The Great Debate: Active Fund Managers vs. Passive Fund Managers

We like to think that issues are so easily solved with simplistic, watered down answers. To use an old cliché, the truth of an argument usually lies somewhere in the middle. For instance, when I see my fellow advisors arguing for or against active and passive fund managers, their biases come out instead of rational debate on the topic. Their supporting arguments always miss a couple of key points that could potentially alter the results and therefore the conclusions drawn from them. Let’s take a look at some of the flaws in conventional wisdom centered around desired characteristics when selecting fund managers.

Old Isn’t Better

Although many might believe otherwise, as age and size increases in a fund and fund family, the level of risk can actually increase rather than decrease. Why’s that, you ask? Before I tell you, you need to understand that the risk I’m talking about is the perceived risk of not achieving investment goals or the risk of destroying capital.

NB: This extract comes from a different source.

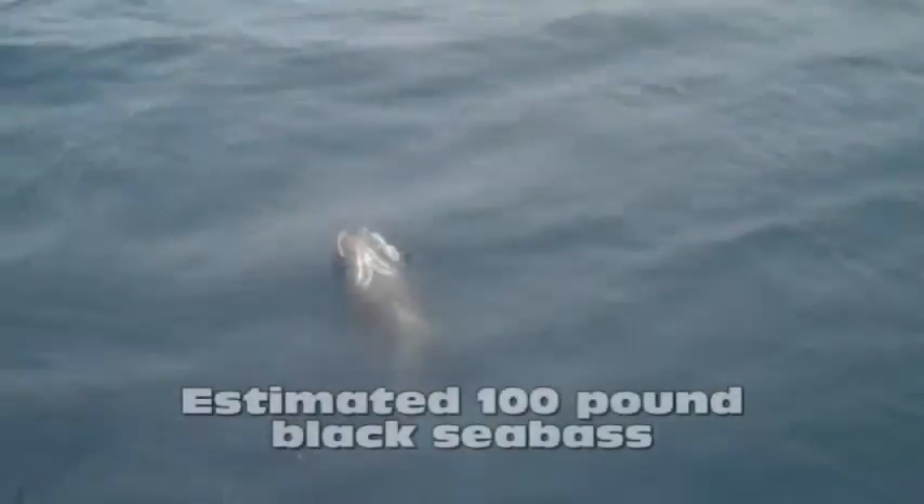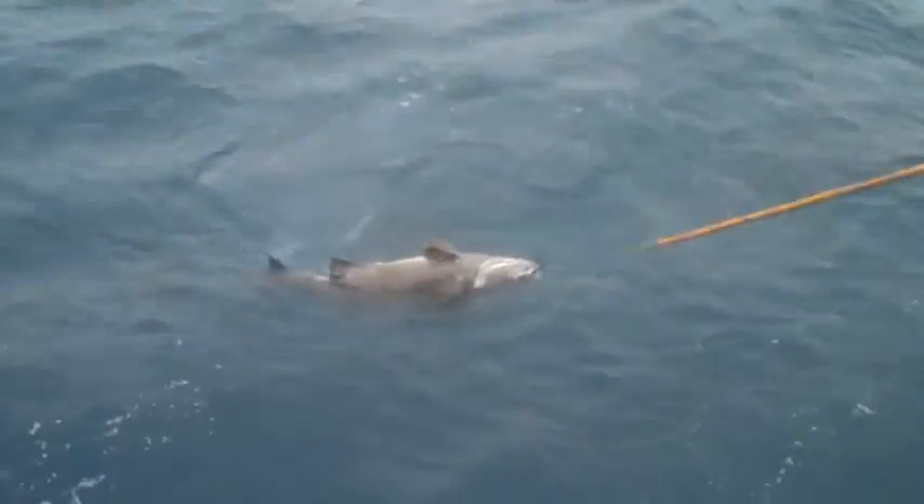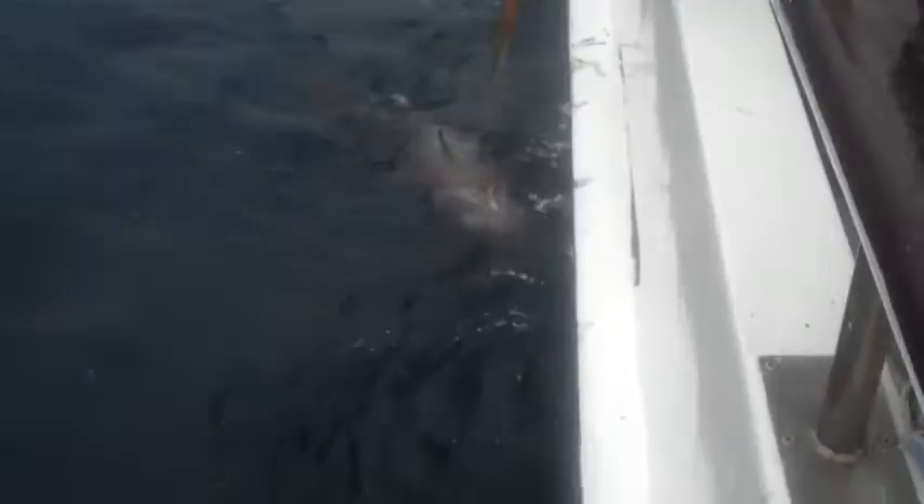Then from the depths emerged an estimated 100-pound black sea bass. Federally protected, this magnificent creature had to be released. But it gave Steve a great battle and he's got the video to show his kids.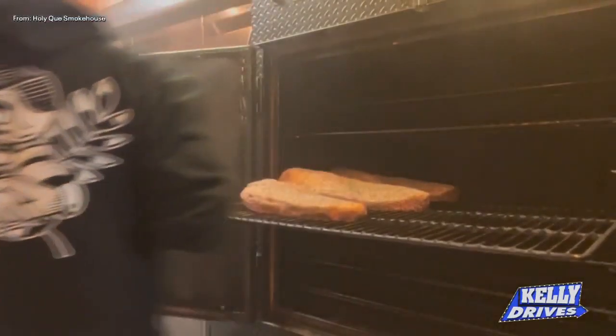Texas barbecue does not hide its meat like Carolinas and everything else. We use no sauce — just shrimp, salt, and pepper. We're pit to plate, meaning everything we make that day sells out.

Alright, now that you’ve got that, know that strength in numbers only works if we’re talking about the reduction of costs through gained efficiency. However, after a certain point (let’s call it the optimal asset level), the bloated asset levels from all that baggage that potentially outweighs the benefits from scale.

People tend to cling to familiarity and old, well-established mutual fund companies are the natural choice for this majority. Unfortunately, familiarity doesn’t help much with your chances of outperforming a benchmark. As a perfect reinforcement to my point, a 2002 study by Otten and Bams found that younger funds performed better than older funds and fund age was negatively related to fund performance.

eVestment Alliance performed a study using investment data obtained between 2003 and 2014. The study grouped funds into age groups consisting of young (less than 2 years), mid-age (between 2 to 5 years), and tenured (greater than 5 years) as well as by assets under management (AUM) consisting of small (less than $250 million), medium (between $250 million and $999 million), and large (greater than $1 billion). Let’s take a look at their results.

Performance of Young, Mid-Age, and Tenured Funds

Source: eVestment Alliance, LLC

 

 

 

 

 

 

 

 

 

 

 

 

 

Performance of Small, Medium, and Large Funds

 

 

 

 

 

 

 

 

 

 

 

 

Source: eVestment Alliance, LLC

 

Among the portfolios of funds grouped by age, the youngest funds had the highest cumulative return from January 2003 to December 2014, at 250.25%. The mid-age index came in second at 144.04%, followed by the tenured index at 137.24%. Among the indices organized by size, the small index had the highest cumulative return from January 2003 to December 2014, at 139.86%. The medium index came in second at 106.49% and the large index third at 96.30%. Of course, past performance is not indicative of future results.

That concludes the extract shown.